On May 20, more than 20,000 Salafi Islamists gathered in the Tunisian city of Kairouan. There are rumors about them, almost certainly false, that they are training an army. But what's true is that Salafis in combat gear are patrolling Tunis' "park of love," where young couples meet up, behind a luxury hotel that Gadhafi's son was building. The Salafis sometimes raid the park to stop acts they consider to be impure. In Jendouba and Sidi Bouzid, the Salafis attacked and burned down bars that sold alcoholic drinks.
Ihmed Zouhari, another young man, is one of the heads of the Hezb el Tahrir, a radical party that is run like a sect. They hate the Muslim Brotherhood and don't believe democracy has its place in Islamic society.
"We've tried everything: liberalism, dictatorships, nationalism, socialism. What did we get? Poverty and corruption. The only thing that stayed pure is Islam," believes Zouhari. "We need a radical change, a new system based on the Islamic doctrine and the Koran, and then we will unite all the Arab and Muslim countries under the same flag."
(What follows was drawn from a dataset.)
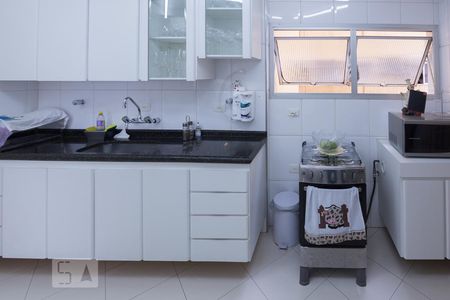 Apartamento à venda com 92m², 2 quartos e 1 vaga Apartamento à venda com 92m², 2 quartos e 1 vagaBanheiro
Asked how a doctrine that was born centuries ago can work in the modern world, he has no doubts: "You don't understand. Your democracy works for you because you live in a world where people can't decide on a political model, where ideology serves only to seize power and changes according to what is needed. Here, we don't have political parties, only Islam. You say that this is the Middle Ages. I ask you: have men really changed since then?"